Of course, you might ask "Why, mindcrime, why do you recommend a billg book so
highly?" Fair question... I find it interesting for the vision that Gates lays
out regarding how organizations should use technology to operate more
efficiently. He leaned heavily on the analogy with the human autonomic nervous
system back in those days, and was throwing around the term "Digital Nervous
System[1]" a lot... and I think that that concept A. makes and lot of sense,
and B. is _still_ \- after all these years - largely unfulfilled.

If you're in the business of software (at least the business of _business
software_ ) I think the Gates book is still very inspirational and could seed
some very interesting ideas, vis-a-vis technology in organizations.

[1]: <http://en.wikipedia.org/wiki/Digital_Nervous_System>

Other than that, my own list would include:

 _The Art of the Start_ \- Guy Kawasaki

 _The Four Steps to the Epiphany_ \- Steve Blank

 _The Lean Startup_ \- Eric Ries

 _Blue Ocean Strategy_ \- W. Chan Kim and Renee Mauborgne

 _Crossing the Chasm_ \- Geoffrey Moore

 _The 22 Immutable Laws of Marketing_ \- Al Ries & Jack Trout

 _Positioning_ \- Al Ries & Jack Trout

 _Repositioning_ \- Jack Trout (with Steve Rivkin)

 _Differentiate or Die_ \- Jack Trout (with Steve Rivkin)

------
calibraxis
I knew a programmer on the Chandler team.

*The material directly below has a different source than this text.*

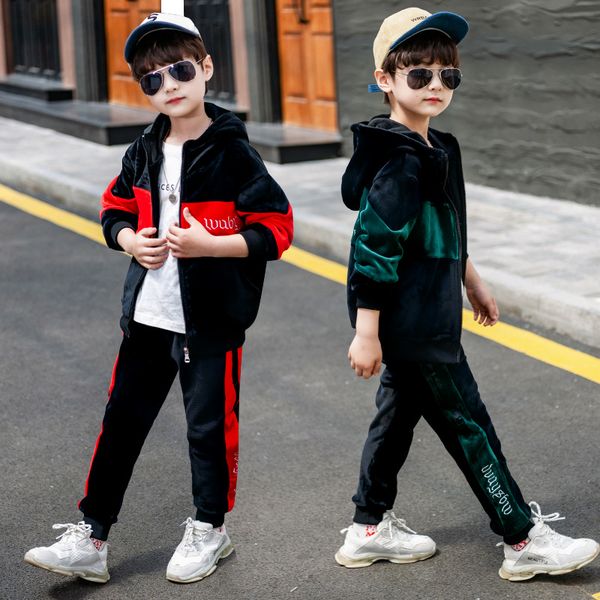 2 sets boys winter clothes autumn and winter suit new children's jacket sports trousers gold velvet sports sweater plus velvet thick co, White
2 sets boys winter clothes autumn and winter suit new children's jacket sports trousers gold velvet sports sweater plus velvet thick co, White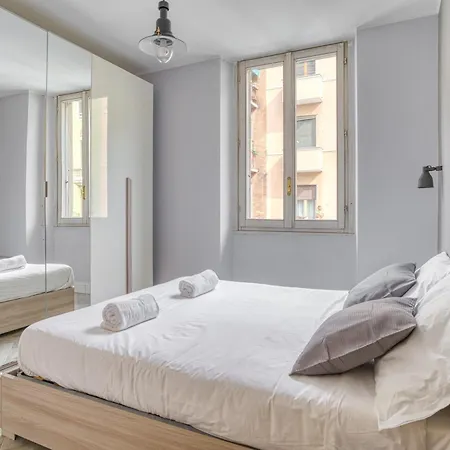 V2 Near アパート *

When I read the wiki and tried it
out, I remember thinking, "This is Mitch's doomed vanity project." (Of course
I had the usual doubts on whether I understood what was going on, but simply I
couldn't see it living up to its hype.)

I haven't yet read the book on it (_Dreaming in Code_), but the question in my
mind wasn't how it failed, but how it couldn't fail...

------
daemianmack
I just finished _Dreaming in Code_ Friday night. A deep dive into
<http://chandlerproject.org/> afterward was one of the more depressing
experiences I've had in recent memory: all that effort, abandoned.

------
lrobb
Unfortunately I succumbed to several dozen of these mass business books before
realizing how utterly insipid this industry is... Just learn to write a
business plan and get busy already. Great free articles (& some paid) on both
hbr.org and score.org.

------
djcb
"Outliers"? Malcolm Gladwell is an entertaining writer, but I really wouldn't
take it too serious... extrapolating way too much, and then reaching faux-
unexpected conclusions that resonate nicely with what people like to believe.

------
zobzu
just 30.